Figure 4-2, Therapeutic ratio. The blue solid curve represents tumor control probability (TCP), whereas the red solid curve shows normal tissue complication probability (NTCP). As radiation dose increases (dashed vertical line to solid vertical line), both tumor control and toxicity are likely to increase. The final dose chosen strikes the optimal balance between the two outcomes. Various strategies can be employed to separate the two curves. Factors that sensitize tumors to radiation may shift the TCP curve to the left (dashed blue curve), whereas agents that protect normal tissues may mitigate treatment-related toxicity, shifting the NTCP curve to the right (dashed red curve).

Ideally, the two curves can be further separated, with the same radiation dose providing extremely high TCP and low NTCP. Strategies that preferentially radiosensitize tumor cells and shift the curve left (dashed blue curve) may allow for improved TCP with the same physical dose. Alternatively, techniques that preferentially protect normal tissues (dashed red curve) may reduce treatment morbidity without compromising efficacy.

In clinical practice, agents that sensitize tumors often affect normal tissues as well, leading to improved outcomes at the cost of increased toxicity. Examples of this include the use of concurrent chemotherapy with radiation compared to radiation alone in the management of lung, head and neck, cervical, esophageal, and gastrointestinal cancers. At the same time, radioprotection agents have had less clinical impact than expected. For example, the compound amifostine is U.S. Food and Drug Administration (FDA)-approved for mitigation of xerostomia in head and neck cancer patients treated with radiation alone. In practice, very few centers now utilize this agent because of its cumbersome administration, its own toxicity profile, the superiority demonstrated of concurrent chemoradiation in head and neck cancer, and the subsequent development of new radiation technologies that better spare the parotid glands.

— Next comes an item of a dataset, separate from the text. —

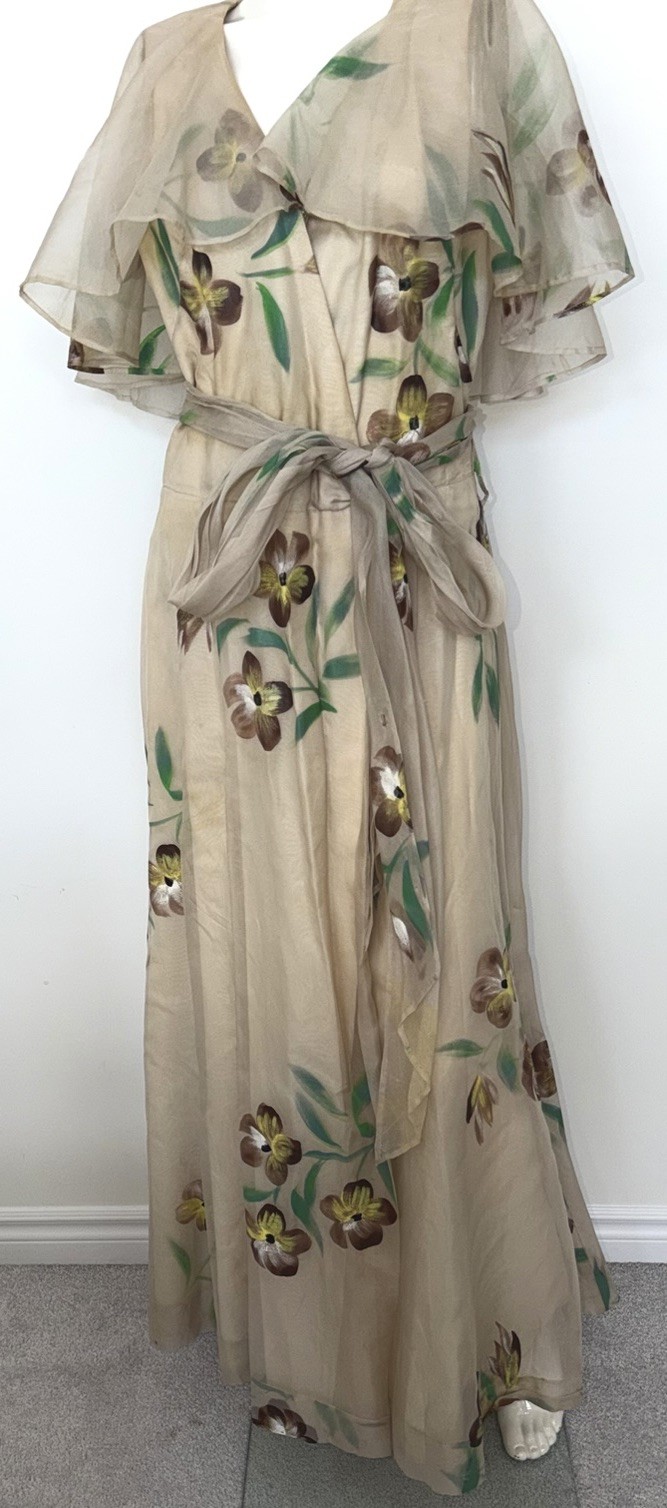 Vintage 1930s Hand Painted Cream Elegant Silk Chiffon Organza Garden Party Gown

One example where technological advances may have improved the therapeutic ratio is the use of four-dimensional computed tomography simulation (4DCT) and intensity-modulated radiotherapy (IMRT) planning in locally advanced lung cancers. Simulation with 4DCT allows for capture of respiratory motion to avoid missing the tumor, whereas IMRT planning has the capacity to deliver more conformal dose distributions with reduction in high-dose normal tissue irradiation. In a retrospective series, the use of 4DCT/IMRT compared with conventional computed tomography (CT) and planning resulted in improvements in overall survival with decreased rates of radiation-induced pneumonitis.